Ouabain differentiates early neural and hair cell-based responses. Shown are mean ± SEM ABR wave 1 thresholds (A) and amplitudes at 30 kHz (B) measured before and after the application of 10 mm ouabain (n = 5) or saline (n = 3) to the round window of the cochlea. Group sizes apply to all panels. C, D, Mean ± SEM DPOAE thresholds and amplitudes at 30 kHz, respectively, for the two groups before and after treatment.

Figure 4.

Ouabain differentiates EFRs generated from early neural- and hair cell-based sources. A, Grand-averaged magnitude spectra for the EFRs at 1024 and 4096 Hz AM before and after treatment with ouabain or saline. Black triangles indicate location of AM frequency. B, Individual EFR amplitudes at 1024 and 4096 Hz AM before and after treatment with ouabain or saline. C, Mean ± SEM percentage decrease in EFR amplitudes elicited by AM frequencies between 768 and 4096 Hz. D, Comparison of EFRs at 4096 Hz AM recorded using mastoid electrodes and round window electrodes in five animals. Inset shows the grand-averaged magnitude spectrum (bold) with individual spectra shown behind. All EFRs elicited from the 30 kHz cochlear region at 80 dB SPL.

Figure 5.

Temporal processing deficits occur at the cochlear synapse and are correlated with the degree of synaptopathy. A, B, Mean ± SEM EFR amplitudes at 80 dB SPL elicited to AM frequencies between 1024 and 4096 Hz at 12 kHz and 30 kHz frequency regions. Insets in A and B shows magnitude spectra of EFRs at 1024 and 4096 Hz AM with peaks at the respective modulation frequencies against the surrounding noise floor. C, D, Correlation between synapses/IHC and the EFR ratio calculated as the absolute value of log₁₀(EFR₁₀₂₄)/log₁₀(EFR₄₀₉₆) at the two cochlear frequency regions shown in A and B. Age ranges and group sizes were 16 weeks (n = 9), 32 weeks (n = 11), 64 weeks (n = 12), 108 weeks (n = 9), and 128 weeks (n = 7).

Figure 6.

The dynamic range for encoding sound level decreases with age. A, B, Mean ± SEM EFR amplitudes at 1024 Hz AM measured as a function of sound level across the various age groups at 12 and 30 kHz frequency regions. Age ranges and group sizes are similar to Figure 1. Dashed lines indicate responses below the noise floor. C, D, Mean ± SEM EFR amplitudes at equal SLs of 0 dB (threshold) to 30 dB at the two cochlear frequency regions shown in A and B. The oldest age group (128 weeks) had fewer animals that had responses at 30 dB SL due to elevated hearing thresholds, with only two animals at 128 weeks reaching 30 dB SL at 12 kHz (data point not shown). E, F, Correlation between EFR amplitudes from C and D at 30 dB SL and the number of remaining synapses/IHC across all the age groups.
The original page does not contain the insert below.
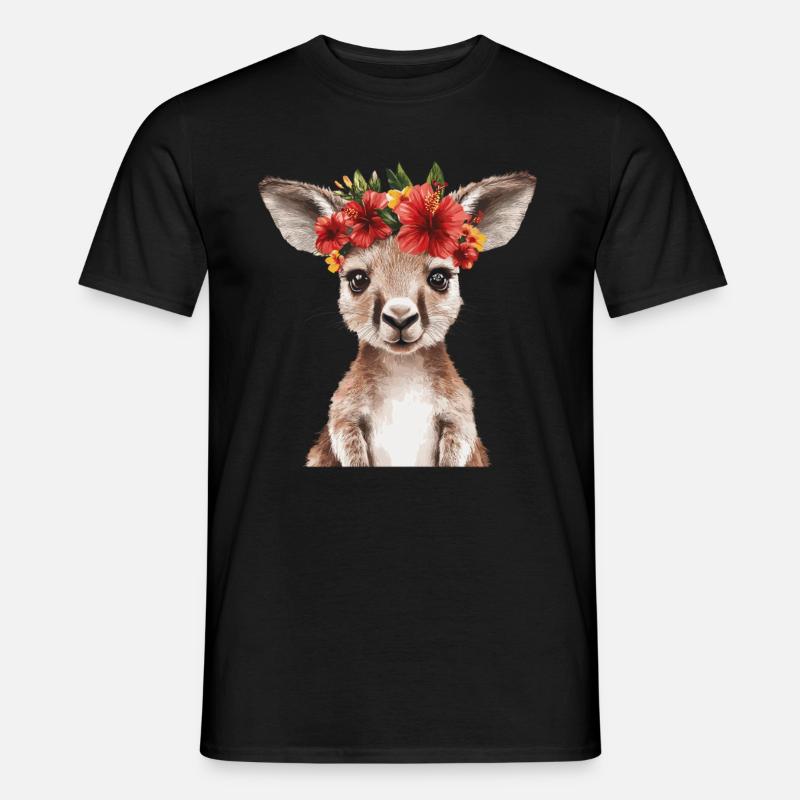 Känguru mit Blumenkranz - Männer T-Shirt - Schwarz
Age ranges and group sizes are similar to Figure 5.

Figure 7.

Dynamic range for early neural coding of modulation depth decreases with age. A, B, Mean ± SEM EFR amplitudes at 1024 Hz AM measured as a function of AM depth across the various age groups at 12 and 30 kHz frequency regions. Sound level of presentation was 30 dB SL at all age groups except 128 weeks, where the sound level was fixed at 90 dB SPL. Dashed lines indicate responses below the noise floor. Age ranges and group sizes were 16 weeks (n = 8), 32 weeks (n = 6), 64 weeks (n = 9), 108 weeks (n = 6), and 128 weeks (n = 6).

Figure 8.

Responses from the central auditory pathway show signs of compensatory gain with age. Mean ± SEM EFR amplitudes at AM frequencies from 16 to 4096 Hz in octave steps across the various age groups at the 12 kHz (A) and 30 kHz (B) frequency regions. Sound level of presentation was 80 dB SPL. Inset shows mean ± SEM ABR wave 5: wave 1 ratios across age. Age ranges and group sizes are similar to Figure 1.